■ Supplied material ■
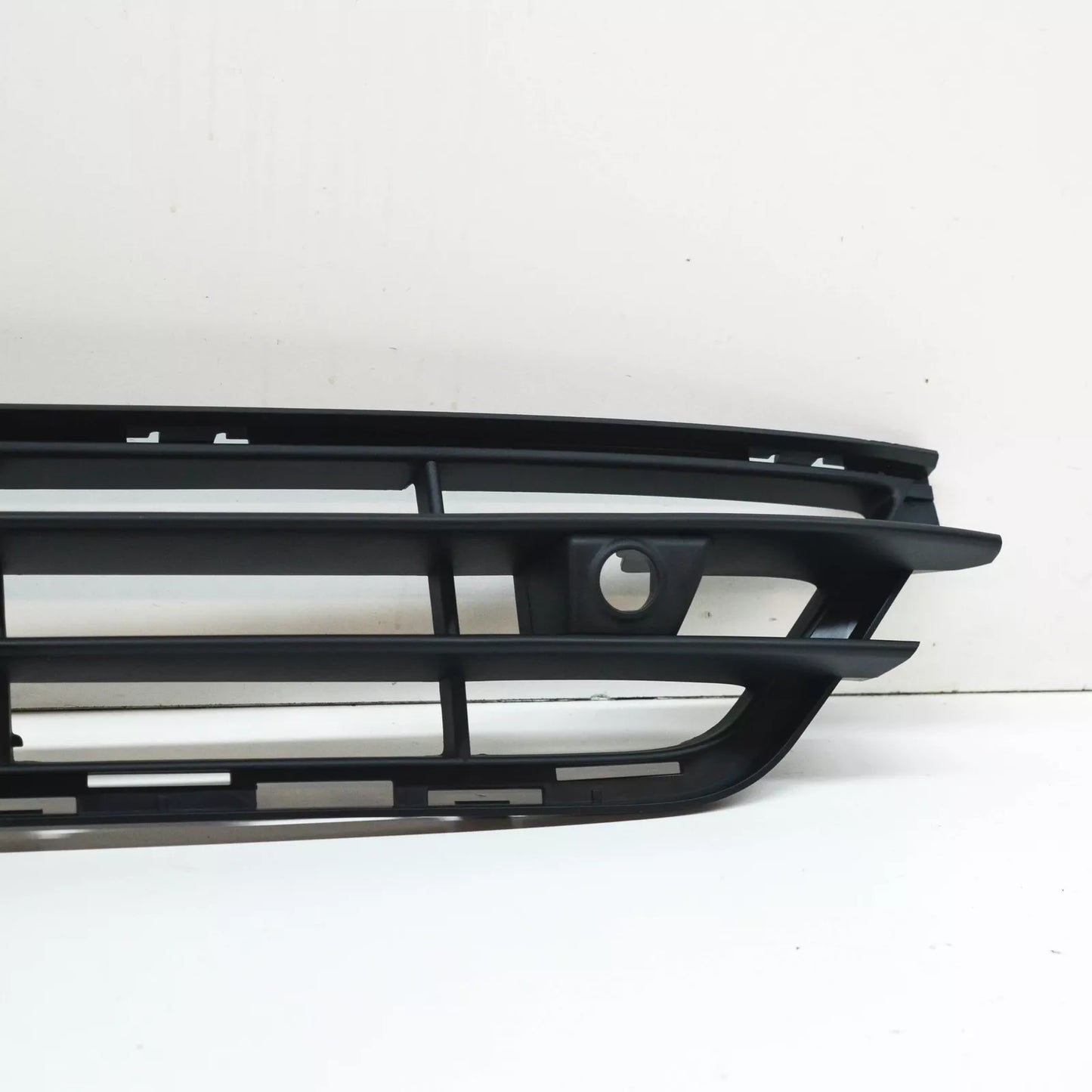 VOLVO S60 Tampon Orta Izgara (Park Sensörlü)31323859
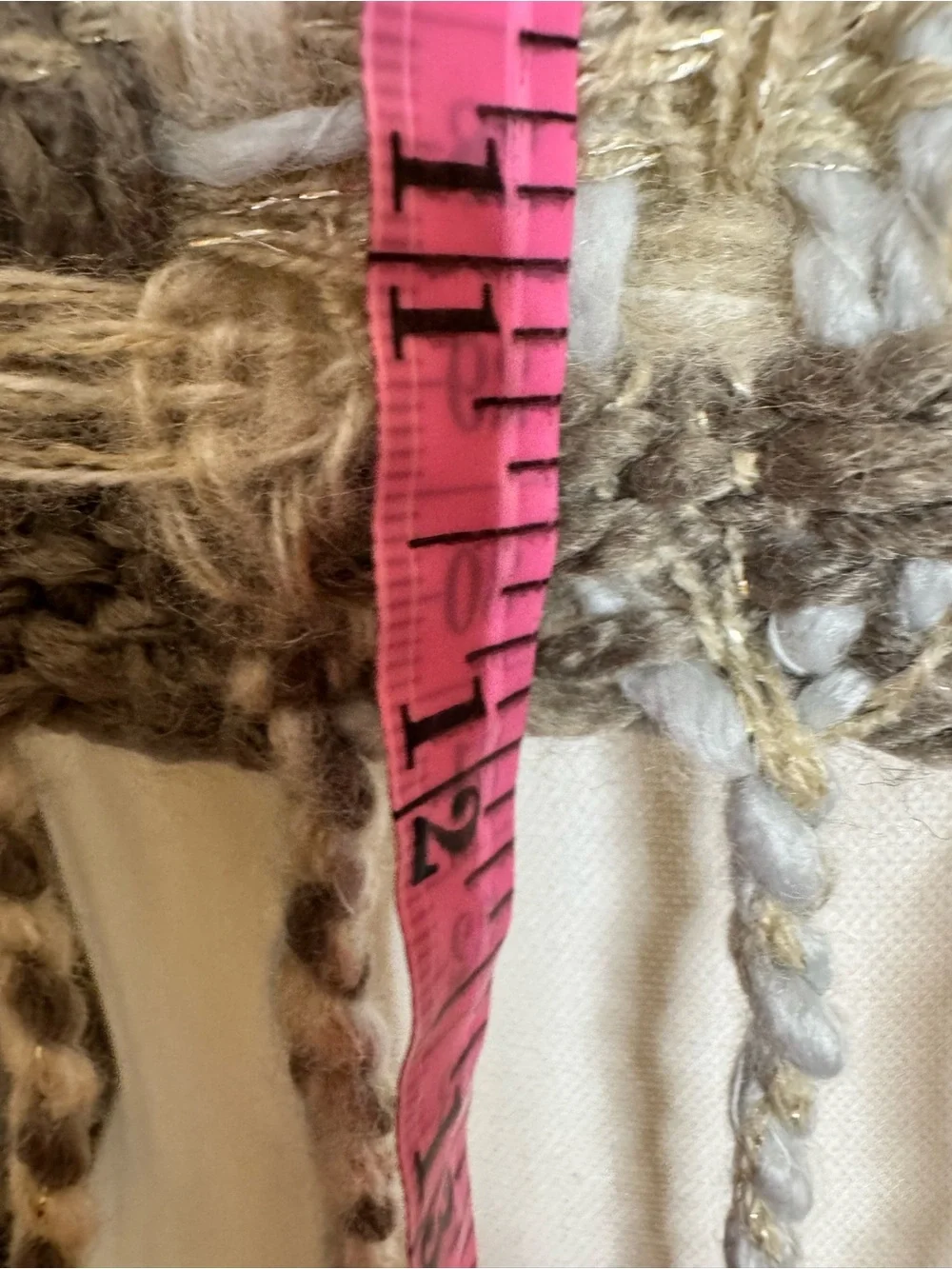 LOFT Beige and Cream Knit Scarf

...

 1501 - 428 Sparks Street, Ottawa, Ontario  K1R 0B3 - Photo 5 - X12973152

■ Task ■
From the records above, transcribe exactly the lines starting at the one containing "VOLVO S60 Tampon" and ending at the one containing "LOFT Beige and Cream Knit Scarf". Skip the pictures.

■ Written reply ■
 VOLVO S60 Tampon Orta Izgara (Park Sensörlü)31323859
 LOFT Beige and Cream Knit Scarf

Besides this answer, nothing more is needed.